Study material
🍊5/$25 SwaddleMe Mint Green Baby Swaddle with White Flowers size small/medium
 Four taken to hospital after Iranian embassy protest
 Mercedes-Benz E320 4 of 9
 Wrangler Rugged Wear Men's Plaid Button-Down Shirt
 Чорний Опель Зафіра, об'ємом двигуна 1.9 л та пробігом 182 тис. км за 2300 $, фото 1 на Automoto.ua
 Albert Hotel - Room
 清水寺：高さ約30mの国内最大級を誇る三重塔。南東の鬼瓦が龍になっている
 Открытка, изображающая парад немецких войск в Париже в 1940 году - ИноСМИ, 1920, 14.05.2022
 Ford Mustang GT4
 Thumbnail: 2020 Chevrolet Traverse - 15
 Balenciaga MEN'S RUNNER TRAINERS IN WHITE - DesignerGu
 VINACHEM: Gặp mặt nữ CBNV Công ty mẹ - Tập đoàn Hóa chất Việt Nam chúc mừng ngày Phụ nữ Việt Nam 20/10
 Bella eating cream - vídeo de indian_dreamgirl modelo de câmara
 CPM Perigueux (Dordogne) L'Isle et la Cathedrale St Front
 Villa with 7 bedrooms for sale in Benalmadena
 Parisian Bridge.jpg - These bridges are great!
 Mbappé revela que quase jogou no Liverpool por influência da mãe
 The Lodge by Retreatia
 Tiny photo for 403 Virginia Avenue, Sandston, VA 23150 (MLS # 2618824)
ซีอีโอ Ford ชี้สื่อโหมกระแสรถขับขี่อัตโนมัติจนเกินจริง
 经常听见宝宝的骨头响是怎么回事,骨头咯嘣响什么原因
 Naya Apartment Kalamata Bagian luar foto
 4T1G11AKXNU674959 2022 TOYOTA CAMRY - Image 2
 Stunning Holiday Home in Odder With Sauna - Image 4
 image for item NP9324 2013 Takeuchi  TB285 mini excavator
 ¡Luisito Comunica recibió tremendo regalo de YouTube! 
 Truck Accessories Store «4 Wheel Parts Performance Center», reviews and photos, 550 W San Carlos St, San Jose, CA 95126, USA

Exercise requirements
Each line in the records above with "Ford" must be returned.

Your response
 Ford Mustang GT4
ซีอีโอ Ford ชี้สื่อโหมกระแสรถขับขี่อัตโนมัติจนเกินจริง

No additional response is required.